My first recognizable reflection on policing came after moving into a changing neighborhood in Philadelphia as a young adult in the 1970s. Our largely white community was open-hearted but nervous, living in the midst of more trauma than most of us had grown up with. One person offered a striking perspective on the police and ambulance sirens that we heard so often in our neighborhood: Don’t think of it as something terrible that has happened; think of it as help on the way.
"I made my home in the city, got to know people and read the news, it became abundantly clear that the police were not always benign community helpers."
This advice put a comforting spin on a worrisome phenomenon, but as I made my home in the city, got to know people and read the news, it became abundantly clear that the police were not always benign community helpers. I saw how individual officers could cause grievous damage, especially when in leadership roles, as I witnessed innocent teens getting rounded up for being Black, and a young man being arrested in the midst of an epileptic attack. I acquired an understanding in my bones of why Black people did not see the police as their friends.
But it wasn’t until the shooting of Michael Brown in Ferguson, Missouri that I had my first inkling of how the whole system of policing could be unjust. A friend who went out to Ferguson to accompany local activists told me about how the police department there was funded by money from traffic fines, how 85% of stops were of Black people even though they made up only two thirds of the population, and how they faced jail when they were unable to pay fines. I was shocked to the core. Something had to be done about the racist, unjust, immoral policies in towns such as this.
After the murder of George Floyd, as talk of defunding the police began to gain traction, I still took it as the voice of legitimate outrage—rather than a policy proposal to actually pursue. Then I heard a talk by a longtime activist from Minneapolis, Ricardo Levins Morales, who had spent much of the past decade in a community effort to uncover the history and reimagine the future of the Minneapolis police department.
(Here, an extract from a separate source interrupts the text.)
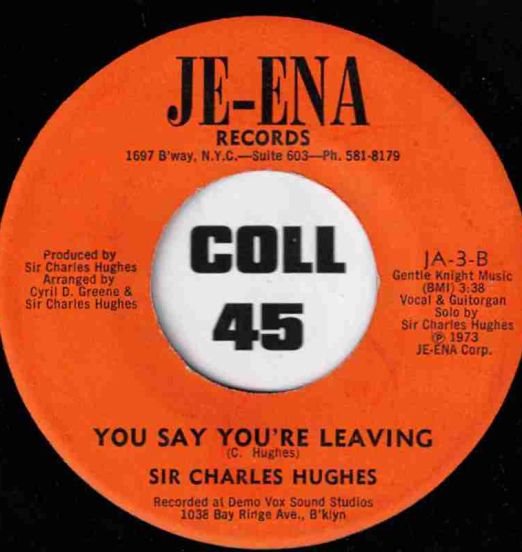 Sir Charles Hughes - You Say You're Leaving b/w Love Me Today - Je-Ena 7"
Reading their report, MPD150, was a revelation. I’d never considered the history of policing. I learned that the first police department in Britain in the early 1800s was modeled on the Royal Irish Constabulary, designed to maintain control in rebellious occupied Ireland. In the American colonies, many of the first policing efforts were similarly established to deal with rebellious enslaved people. The police went on to be used to quell strikes and labor unrest.
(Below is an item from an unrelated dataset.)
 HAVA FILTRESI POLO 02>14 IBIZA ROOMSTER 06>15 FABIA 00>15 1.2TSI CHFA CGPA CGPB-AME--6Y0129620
The initial intent behind policing was never to promote common safety. It was to exercise control over those who had reason to be dissatisfied with the status quo, and to protect the property rights and safety of those who held power.
Given such a history, it’s not surprising that internal reforms among police departments have never had much impact. The Minneapolis report details decades of reform attempts—training, transparency, accountability, civilian review—that have failed to change the blunt-force trajectory of the police department. They conclude that the department itself must be dismantled and something radically new built in its place.
This doesn’t mean that all police are bad, or that police departments don’t perform useful and important work. The system just needs to be totally rethought.
Consider this question from the report: Imagine that you were asked to help create stability in a newly-founded city. How would you try to solve the problems that your friends and neighbors encountered? How would you respond to crisis and violence? Would your *first* choice be an unaccountable army with a history of oppression and violence patrolling your neighborhood around the clock?
"We could begin building up our own neighborhood capacity to watch out for each other, and our own abilities in community conflict resolution."
While pulling the entire budget out of a police department seems drastic, it’s not hard to imagine pulling jobs out of their portfolio and reassigning those jobs—along with their funding—somewhere else. That includes responding to mental health crises or domestic disputes, engaging with the houseless, and making traffic stops. We could also move immediately to stop the U.S. military from transferring their excess weapons and supplies to state and local police departments. At the same time, we could begin building up our own neighborhood capacity to watch out for each other, and our own abilities in community conflict resolution.
While I wish I had come to this understanding sooner, I’m happy to have arrived at the point where the concept of defunding the police no longer seems outrageous or threatening. It now seems like a clear and compelling framework for looking hard at where we have come from and thinking boldly and freshly about who needs protection from what, and how best to ensure safety for each other.